Editorialist: Taranpreet Singh

Easy-Medium

# PREREQUISITES:

Observation, Finding Cycle in graph.

# PROBLEM:

Given a graph with N junction and M one-way roads (u_i, v_i), Heinz chooses a start city and then performs the following alternatively.

• Walk his way from the current junction to another junction using any one-way road leading to that junction from current junction.
• Moonwalk his way out of his current junction to another junction by a one-way road leading from that junction to his current junction. When Heinz does this, he is actually breaking the law (since he is using the one-way road in the wrong direction), but since he is moonwalking, no one will notice.

Heinz plans to end up in the junction where he started after performing an even number of actions. However, he does not want to use any of the one-way roads more than once in any direction (using a road for both walking and moonwalking is not allowed either). It’s worth noting that Heinz must walk at least one one-way road. Can he achieve this goal? If he can, find a sequence of roads he should use.

# QUICK EXPLANATION

• We can make a bipartite graph with 2*N vertices with undirected edges if for every one-way road (u, v) we add an undirected edge (u, N+v) in our bipartite graph.
• Solving the original problem is equivalent to finding a cycle in this new bipartite graph. Each cycle has even length in the bipartite graph.
• We can use BFS, DFS or any cycle finding algorithm to find any cycle in this graph, which starts from any node u such that 1 \leq u \leq N

# EXPLANATION

From the statement, if Heinz has currently used x roads, he can use a road properly or moonwalk depending upon parity of x. If x is even, he uses the road normally, otherwise, he moonwalks.

Let us build a new graph with 2*N nodes. For a road (u, v) in original graph, lets add an undirected edge (u, v+N) in our new graph.

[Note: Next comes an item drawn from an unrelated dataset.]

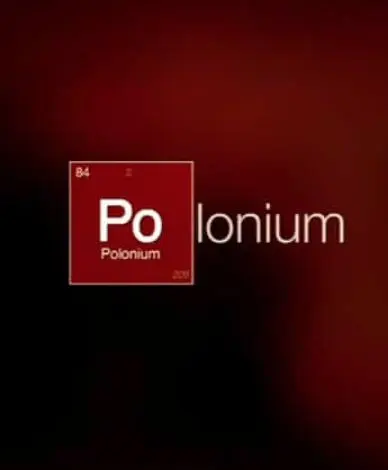 Polonium, l'émission des électrons libres_peliplat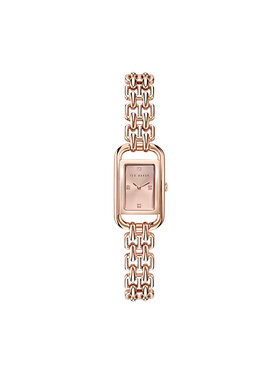 Ted Baker Ted Baker Zegarek BKPTTS406 Różowy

Lemma: The original problem is equivalent to finding a cycle in this new graph.
Proof:

• The resulting graph is bipartite with both partitions having size N, since for each edge (u, N+v) added in this graph, we had 1 \leq u \leq N and N+1 \leq N+v \leq 2*N.
• Moving from u to N+v in this graph correspond to moving from u to v using one way road (u, v).
• Moving from N+v to u in this graph correspond to moonwalking over edge (u, v), thus moving from v to u.
• Since this graph is bipartite, all cycles shall have even length, which follows by the definition of bipartite graphs.
• For nodes u such that 1 \leq u \leq N, all outgoing edges are to nodes N+v such that N+1 \leq N+v \leq 2*N which implies using one-way road. Now, from node N+v all outgoing edges are to nodes 1 \leq u \leq N which implies moonwalking. Hence, it is guaranteed that we use the road normally and moonwalk alternatively, which is required in the original problem.

Hence, the above claim reduces the problem of finding a cycle in this new bipartite graph.

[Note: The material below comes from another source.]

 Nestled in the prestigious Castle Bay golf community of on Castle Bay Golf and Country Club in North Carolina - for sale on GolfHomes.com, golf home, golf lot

We can use DFS, BFS to find a cycle in this graph, which may be referred here.

An important point to note here is that, if we find a cycle, the edges are to be printed so that the first edge is used as normal edge, the second edge is used for moonwalking, third edge is used as normal edge and so on. It is quite easy to get a WA missing this.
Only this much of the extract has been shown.